Amberlough by Lara Elena Donnelly. ★★★★
The best comparison I can make for Amberlough is that it’s a cross of Orwell’s 1984 and Kushner’s Swordspoint. It’s fantasy without magic, set in a world based on Weimar Berlin and experiencing the rise of fascism. Oh, and the three central characters are a gay spy, his smuggler lover, and a stripper who acts as his beard. Amberlough is both dark and somehow delightful.

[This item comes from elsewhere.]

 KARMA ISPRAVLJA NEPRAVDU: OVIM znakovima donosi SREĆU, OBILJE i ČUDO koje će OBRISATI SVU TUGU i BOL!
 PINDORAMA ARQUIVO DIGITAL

Amberlough City is a corrupt but cultured city, the bustling heart of Gedda. But the One State Party (“Ospies”) want to unite Gedda’s four provinces into one centralized, socially conservative nation, and they are making increasing strides in shaping Gedda to their vision. Cyril DePaul is a spy who’s masters are growing concerned with the Ospies’s rise, but when Cyril’s cover is blown, he makes the decision to work with the Ospies for his own survival and that of his lover, smuggler Aristide Makricosta. Into this delicate dance of politics and survival, Aristide brings Cordelia Lehane, a dancer and drug dealer who works alongside him at the Bumble Bee club. As their way of life is threatened, these three will have to decide what they are willing to do to ensure their own survival and at what costs.
At its core, Amberlough is about the choices these three protagonists make and how the rise of a fascist government shapes them. What are they willing to do to survive? At what point are they willing to put their life on their line and fight? Each character ends up walking a different path, learning something about who they are under the pressure of the Ospies.

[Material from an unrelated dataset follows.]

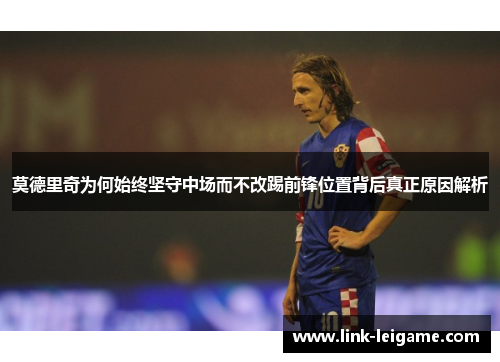 莫德里奇为何始终坚守中场而不改踢前锋位置背后真正原因解析 莫德里奇为何始终坚守中场而不改踢前锋位置背后真正原因解析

I adored all of the characters, even if I was frustrated by the decisions they made. Cyril admits that he’s a coward, and it becomes increasingly clear that he’s willing to put his own survival ahead of others… except maybe when it comes to Aristide. Aristide is a smuggler and drug king, but he may have more ethical compunctions than Cyril. While he values his own survival, he won’t cooperate with the Ospies to do so. I’d be hard pressed to chose between him and Cordelia as my favorite character of the novel. Cordelia’s a firecracker. Like all the others, she’s done morally questionable things to survive, including currently selling the same drug that killed her mother in order to make ends meet. But Amberlough is her home through and through, and she begins to realize that she’d rather stay and fight than run and live.

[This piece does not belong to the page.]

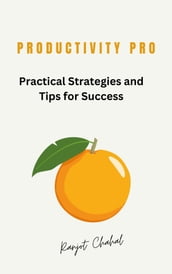 Productivity Pro: Practical Strategies and Tips for Success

From the description, it may be obvious why I compared this book to Ellen Kushner’s Riverside novels and George Orwell’s 1984. Like Riverside, Amberlough is a fantasy story set in its own world but without magic and with a highly historical feel. Also like Riverside, queer characters proliferate. Like 1984, Amberlough deals with totalitarianism and cooperation versus resistance. However, Amberlough is completely its own story, and while the atmospheric setting may have clear parallels to Weimar Berlin, it’s different in other ways. For one, it is a lot more gender egalitarian than the time period its analogous to, and it’s actually much less patriarchal and better with female characters than either 1984 or Swordspoint. Working women seem common, referred to as “razors” for their short haircuts. Female generals are referenced offhandedly, and Cyril’s boss and the head of the spy agency is a woman. Of course, all this may change if the Ospies get their way.
Amberlough was just incredibly well written. From characters to world to plot to thematic material to emotional impact – Donnelly excels at all of these. I would never have guessed that this was a debut novel. While it may have started slow, by the end my eyes were gripped to the page. I’ll be incredibly surprised if this book doesn’t garner any award nominations – I think it’s clearly one of the best new releases of 2017. I’m also incredibly grateful for the announcement that Tor’s publishing two companion novels. I want more of Donnelly’s writing and of the world of Amberlough, and I encourage everyone else to read it. I doubt Amberlough will disappoint.